TGI PERPIGNAN (1re ch. sect. 1), 20 novembre 2002
CERCLAB/CRDP - DOCUMENT N° 393
TGI PERPIGNAN (1re ch. sect. 1), 20 novembre 2002 : RG n° 02/01081 ; jugement n° 541
(sur appel CA Montpellier (1re ch. D), 7 janvier 2004 : RG n° 03/00324 ; arrêt n° 113)
Extrait : « ATTENDU que les dispositions de l’article 4 des Conditions Générales du contrat de crédit-bail, qui donnent au preneur mandat d’exercer contre le vendeur du véhicule, qu’il a lui-même choisi, les droits et actions de la bailleresse, en cas de vice du bien loué, ne peuvent dispenser la bailleresse de son obligation légale de garantie ; qu’en effet, d’une part, une dérogation conventionnelle à l’article 1721 du Code Civil n’est admissible qu’à la condition d’être expresse et non équivoque : or, en raison même de la règle de la révocabilité ad nutum du mandat posée par l’article 2004 du Code Civil, l’article 4 du contrat n’exclut nullement le propre droit d’agir de la bailleresse dont la garantie est sollicitée, en cas de vice de la chose ; que d’autre part, l’exonération au profit de la bailleresse de son obligation de garantie avec obligation pour le preneur de poursuivre le paiement des loyers, serait constitutive par le déséquilibre radical ainsi créé entre les droits et obligations de chaque partie, d’une clause abusive au sens de l’article L. 132-1 du Code de la Consommation, plus précisément en référence aux paragraphes l b) et l) de la liste indicative annexée au Code, dès lors que la bailleresse seule conserverait ses droits dans le contrat sans plus d’obligation en contrepartie, étant observé que l’investissement initial qu’elle a dû supporter doit être placé hors du bail puisque le droit commun, auquel est soumis le contrat de crédit-bail professionnel, n’inclut pas ce financement dans les obligations du bailleur ; qu’il en résulte ainsi que l’obligation absolue au paiement des loyers en cas d’exercice par le preneur de son mandat, est abusive et donc réputée non écrite ».

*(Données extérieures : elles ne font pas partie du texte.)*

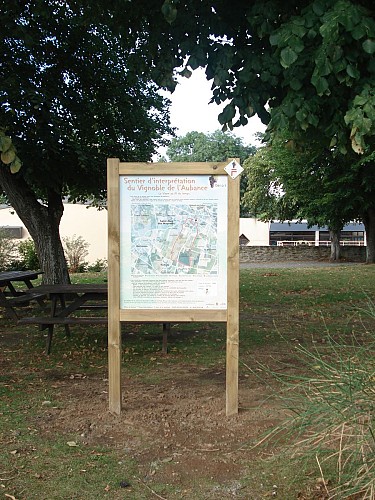 Sentier d'interprétation du vignoble de l'Aubance "La vigne au fil du temps"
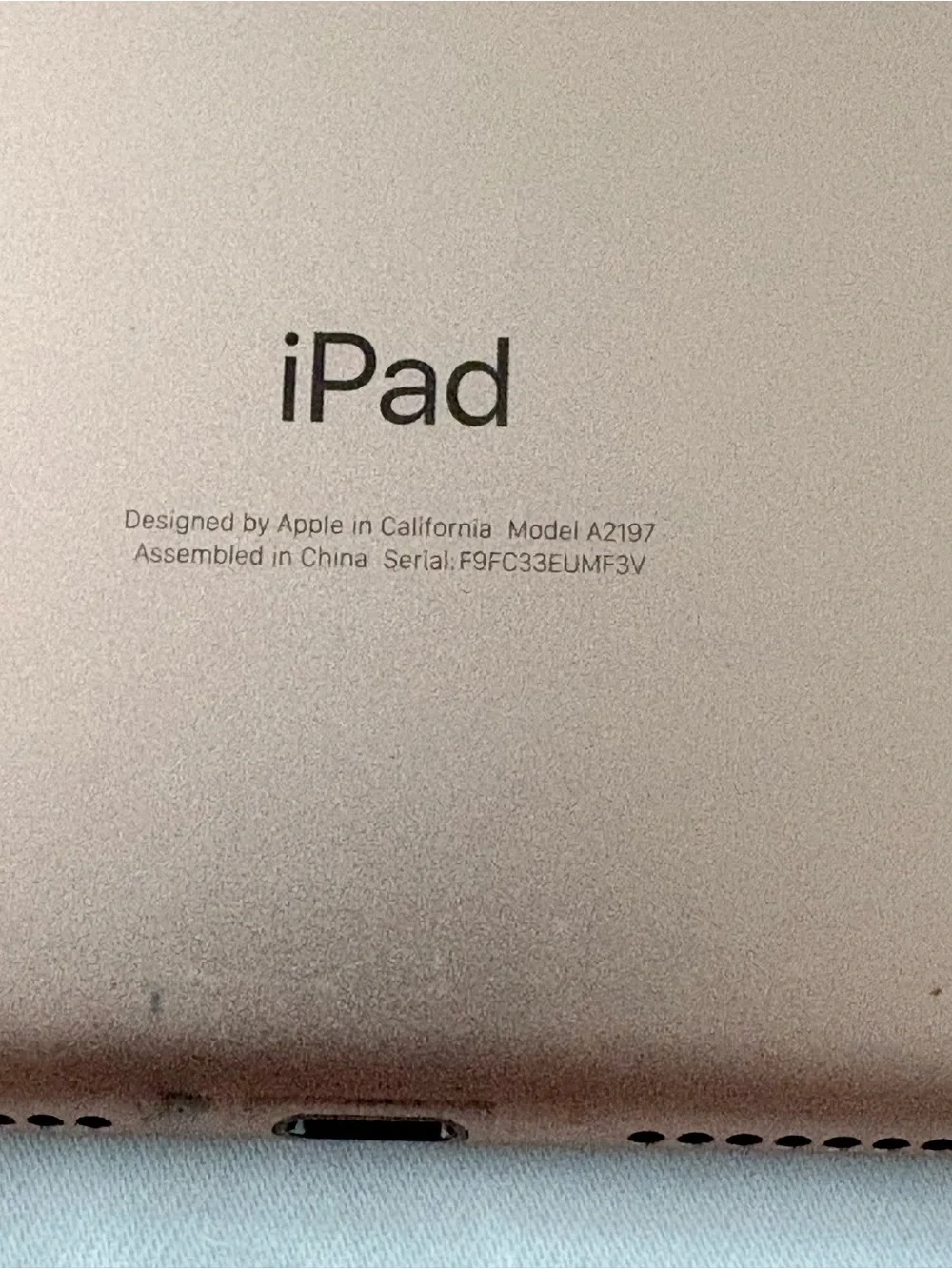 Apple iPad- Rose Gold with White Front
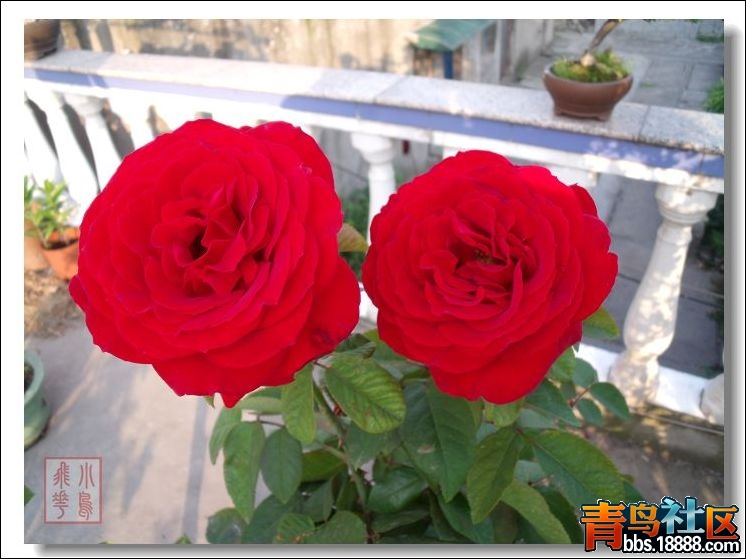 DSCF2433.jpg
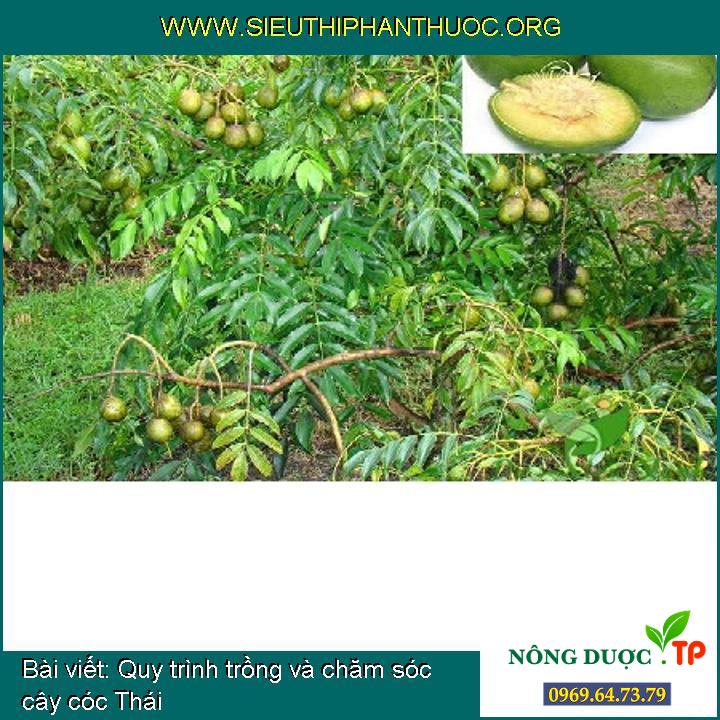 Quy trình trồng và chăm sóc cây cóc Thái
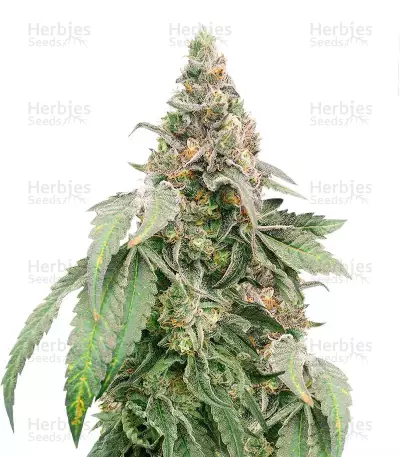 Heavy Kickers Mix feminisierte Samen (Herbies Seeds)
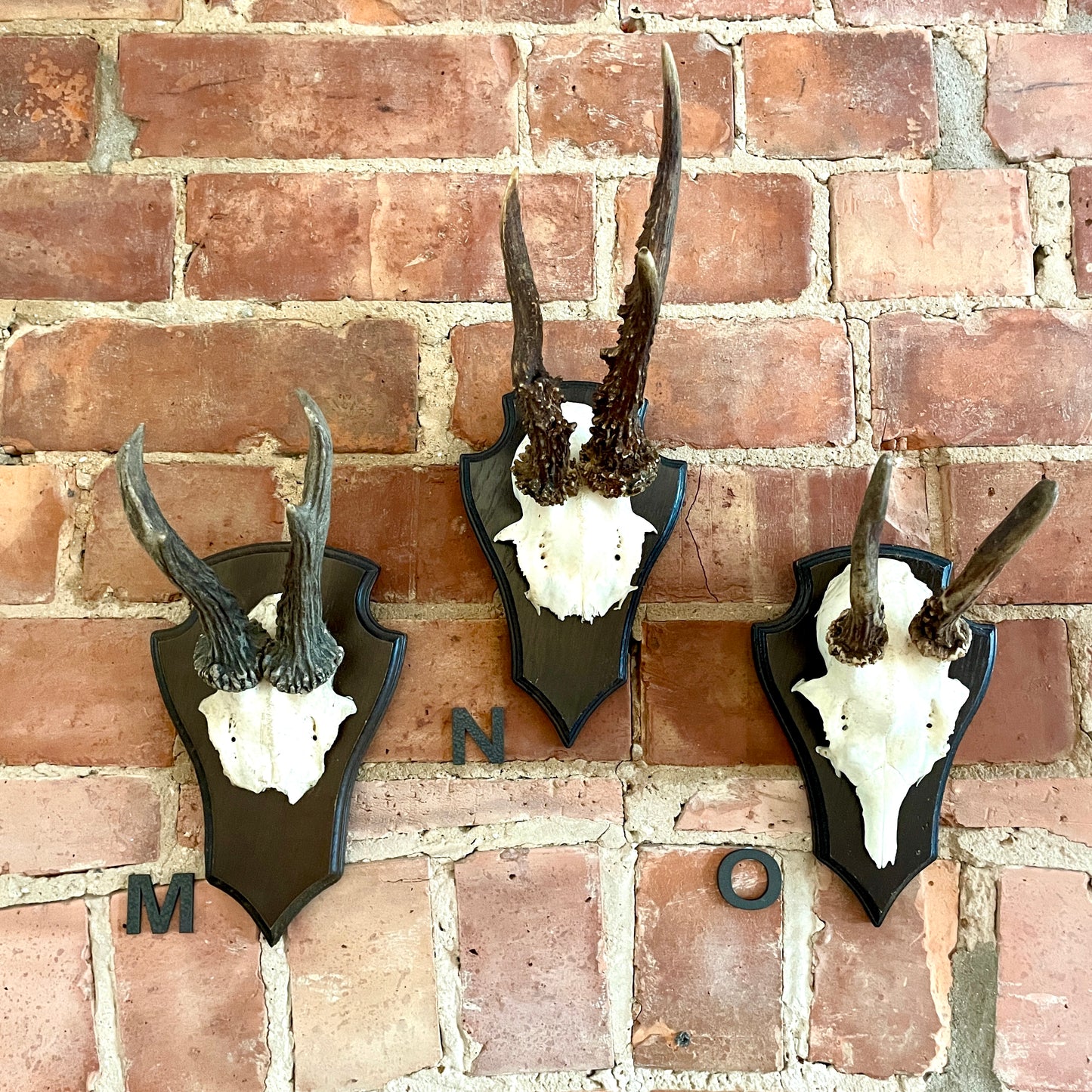 Vintage Mounted Roe Deer Antlers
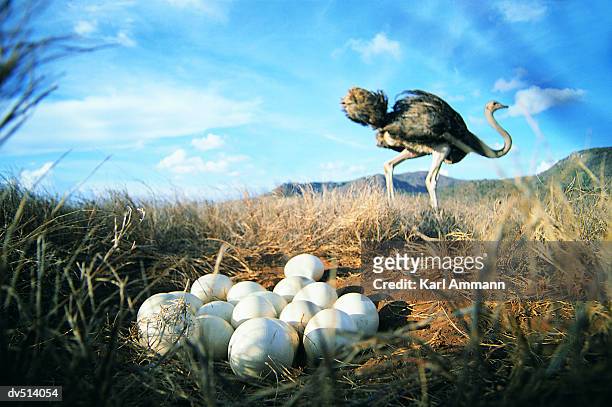close-up of ostrich eggs with ostrich in background (struthio camelus) - ostrich 個照片及圖片檔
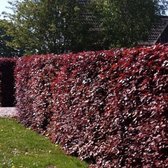 20 x Rode Beukenhaag - Haagplant Bladhoudend - Fagus sylvatica Atropunicea hoogte 40-60cm (Blote Wortel)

TRIBUNAL DE GRANDE INSTANCE DE PERPIGNAN
PREMIÈRE CHAMBRE SECTION 1
JUGEMENT DU 20 NOVEMBRE 2002
ÉLÉMENTS D’IDENTIFICATION DE LA DÉCISION (N.B. : mention ne figurant pas sur l’original)
R. G. n° 02/01081. Minute n° 541.
ENTRE :
[SA MACSF FINANCEMENT] anciennement dénommée [MEDIBAIL SA]
SA, agissant poursuites et diligences de ses représentants légaux, dont le siège social est sis [adresse] représentée par Maître [avocat] au barreau de PERPIGNAN, Maître [avocat] au barreau de PARIS
ET :
Monsieur Y.
[adresse] représenté par la SCP [avocat], avocats au barreau de PERPIGNAN
COMPOSITION DU TRIBUNAL : M. […] statuant à Juge Unique, conformément aux dispositions des articles 801 et suivants du Nouveau Code de Procédure Civile. Faisant fonctions de Greffier : Mme […]
[minute page 2] DÉBATS : Vu l’ordonnance de clôture en date du 30 septembre 2002 ayant fixé l’audience de plaidoiries au 16 octobre 2002 où l’affaire a été plaidée et mise en délibéré au 20 novembre 2002.
JUGEMENT : Prononcé en audience publique, Contradictoire. Premier ressort.
EXPOSÉ DU LITIGE (N.B. : mention ne figurant pas sur l’original)
[minute page 3] Le 20 février 2002, la Société [MACSF FINANCEMENT] assigne Monsieur Y.
Elle expose lui avoir consenti, suivant contrat du 17 juin 1999, la location avec option d’achat d’un véhicule automobile de marque RENAULT, type [modèle], pour les besoins de l’activité professionnelle de médecin de Monsieur Y.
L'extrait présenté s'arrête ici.